JS: You don’t really have anything to lose at that point in your life, right? You’re not so worried about your retirement fund and your kids’ college fund. In my twenties I used to work like a maniac, until 11 o’clock at night, come home, eat dinner, get up, go back to work. I think your work is actually much better when you don’t do that because taking a walk or going to your kid’s basketball game or whatever, allows your brain to do something else. The more things you learn about life, the more you have to apply to your work.

Yes, in one of our other Cool Friend interviews, Matt May explained that Eureka! moments happen when you’ve disconnected from your work and allow the subconscious parts of your brain to work.

JS: Not to mention that if all you’re doing is working, and looking at the work of the other people in your office, then everybody’s work starts to look the same. You also lack life experience. If you’re working on a project about food allergies, but you’ve never dealt with just how scary it is to have a child with food allergies, you can’t understand the audience in the same way.

Your empathy levels go way up. Now, you worked with us on the design of The Little BIG Things, the book. I recall you saying that one of the challenges was the fact that Tom’s material isn’t really book-content. What was the challenge of working with Tom Peters’ written material?

JS: It wasn’t defined simply as “a book.” It was defined more specifically as a standard business book: hard cover, 6″ x 9″, uncoated paper, with a common template applied to all pages.

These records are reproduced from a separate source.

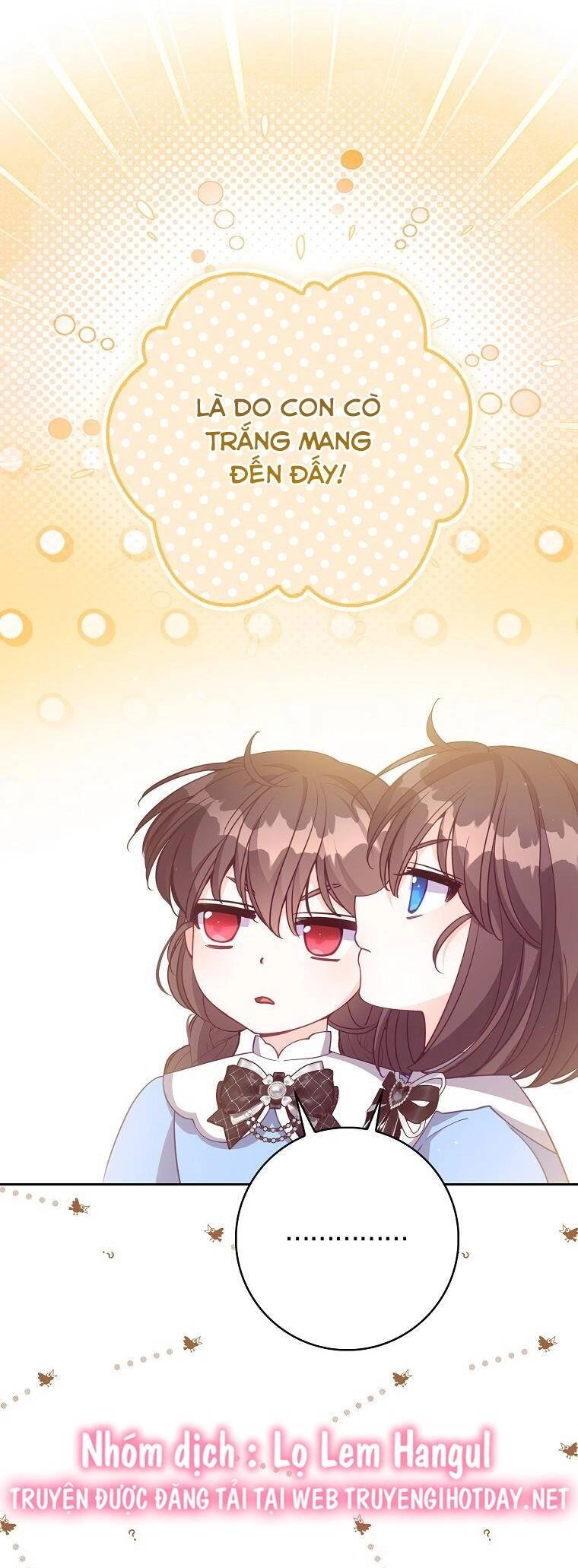 Cô Em Gái Quý Giá Của Nhân Vật Phản Diện Chapter 126 - 28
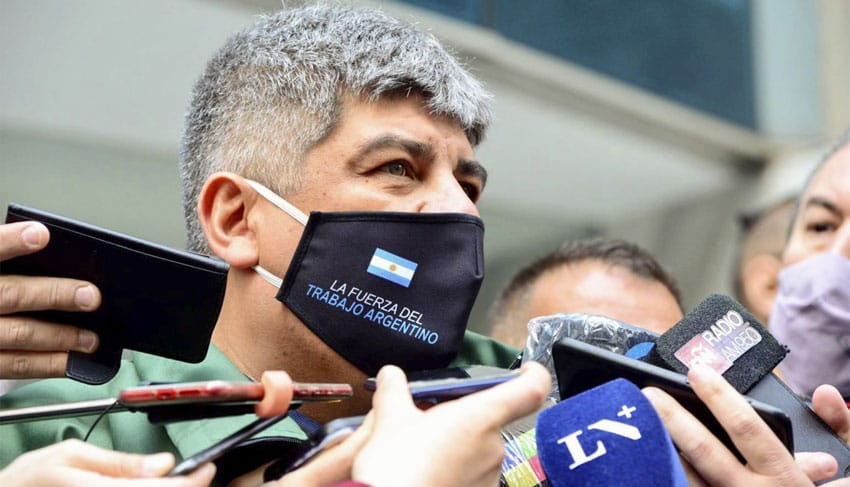 Pablo-Moyano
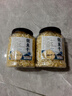 胖東來(lái)品質(zhì)長(zhǎng)島銀魚干500g新鮮深海小銀魚面條魚海燕魚海鮮水產(chǎn)海 新貨大罐裝500g[實(shí)惠裝](500g) 曬單實(shí)拍圖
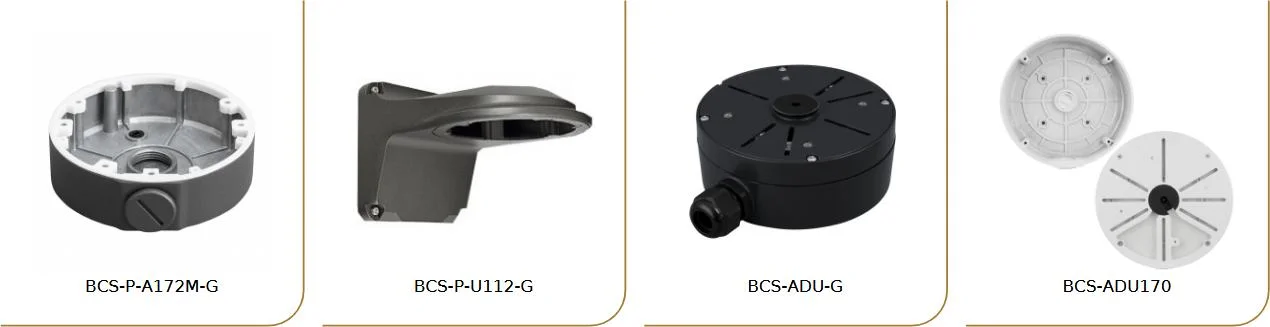 Akcesoria opcjonalne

It wasn’t a book like Re-imagine!, where you had the freedom to change the overall size or to change layouts from spread to spread.

I think it’s actually one inch less in each dimension.

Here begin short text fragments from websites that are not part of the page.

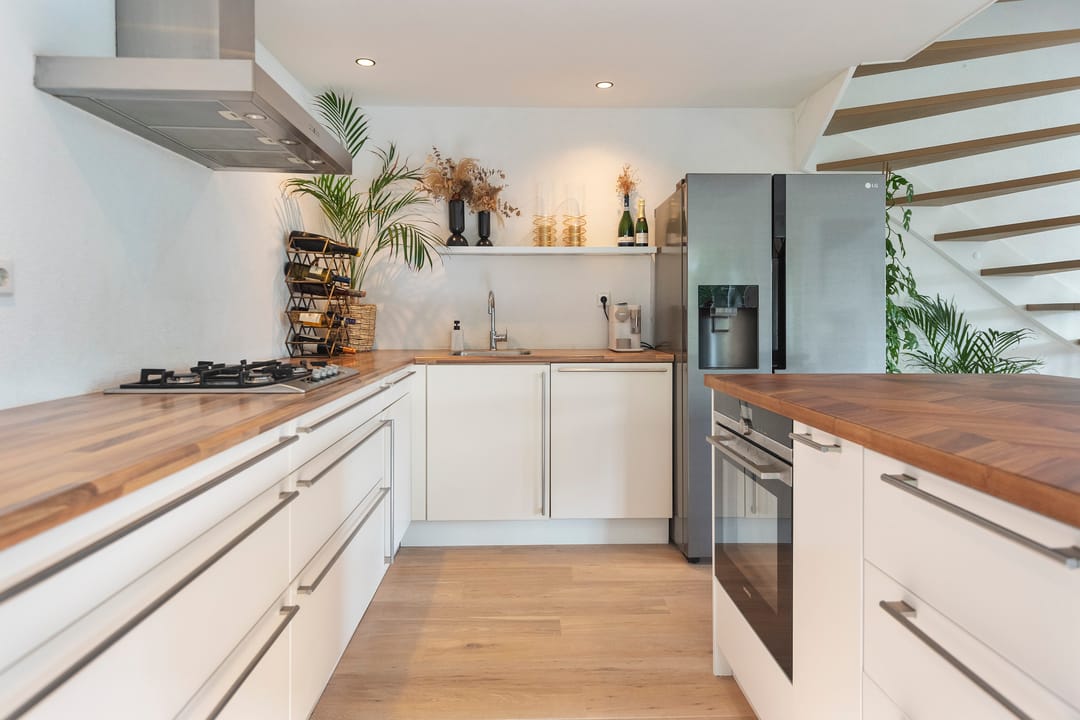 Photo 16 of Veerse Meer 37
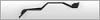 quattro_link_badge.png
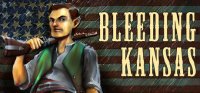 Bo�te de Bleeding Kansas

JS: Right, so it’s even harder to fit it all, right?

Exactly.

JS: But you don’t approach it like a brochure, designing every page, hands-on. This was a book where you needed a template that the content would flow into.

Because all 163 items needed to follow the same structure.

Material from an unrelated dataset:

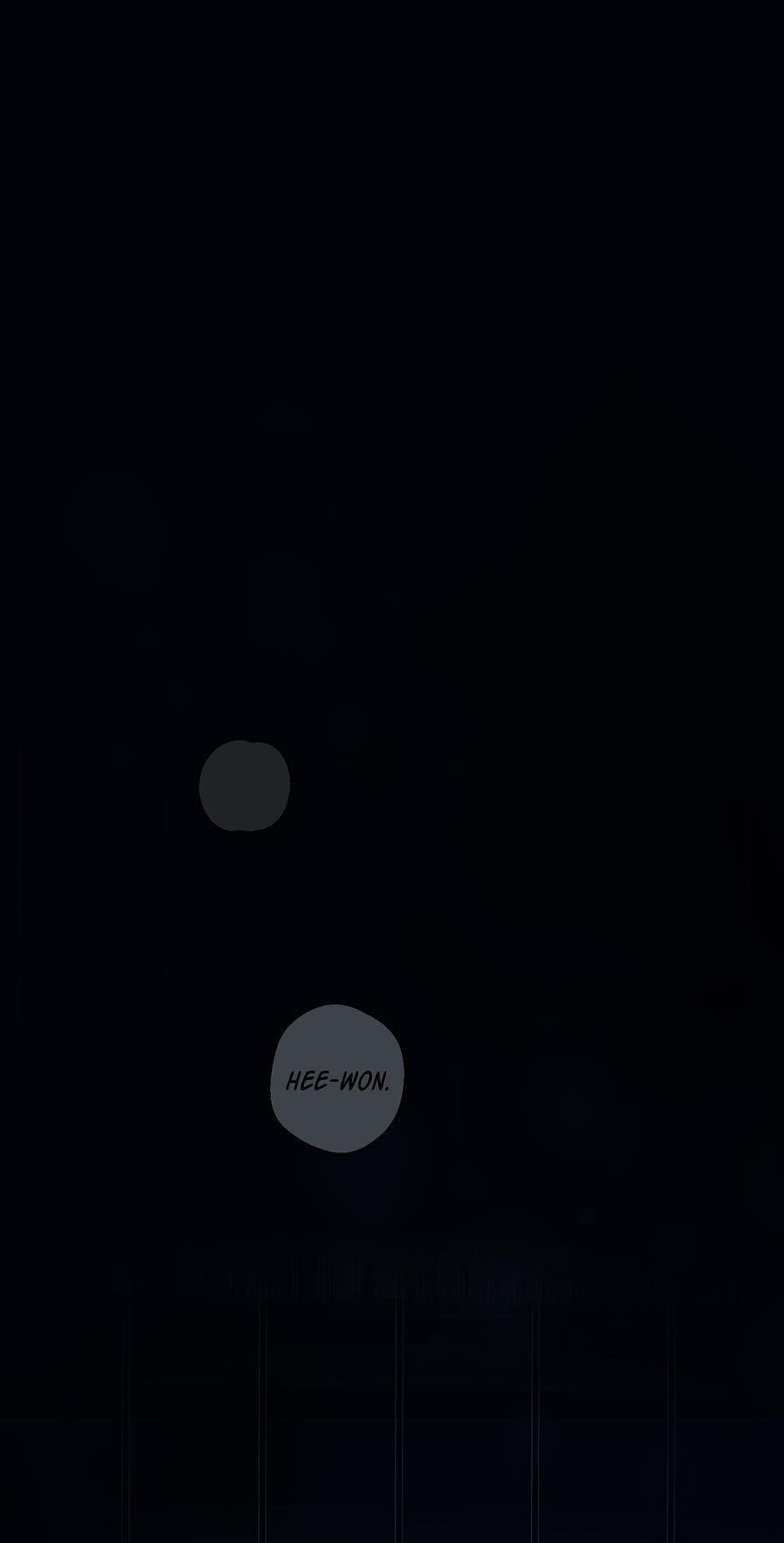 Positively Yours Chapter 61 page 7 -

JS: Right. But then you look at the manuscript, and it’s still a fairly typical Tom manuscript, with a million different levels of content. It’s not all text in one style with a few things highlighted here and there, like a normal book would be.

No, a lot of levels of emphasis.

JS: Basically, the content itself and the structure it was supposed to fit into were on polar ends of a spectrum, and needed to be made to meet somewhere in the middle. One of the big things that we did was to dial down the amount of highlighting contained in the manuscript.

Which will surprise a couple of people who’ve commented that they feel the finished book is unreadable due to all the emphasis. They should have seen what it might have been.

JS: Right.

I’ve grown accustomed to his writing style. He does it because he’s excited about these things. He’s been tweeting like a madman over at Twitter. People have asked him there about his heavy use of exclamation marks. His answer is that it means he’s passionate about something. It’s his signal that this really matters to him.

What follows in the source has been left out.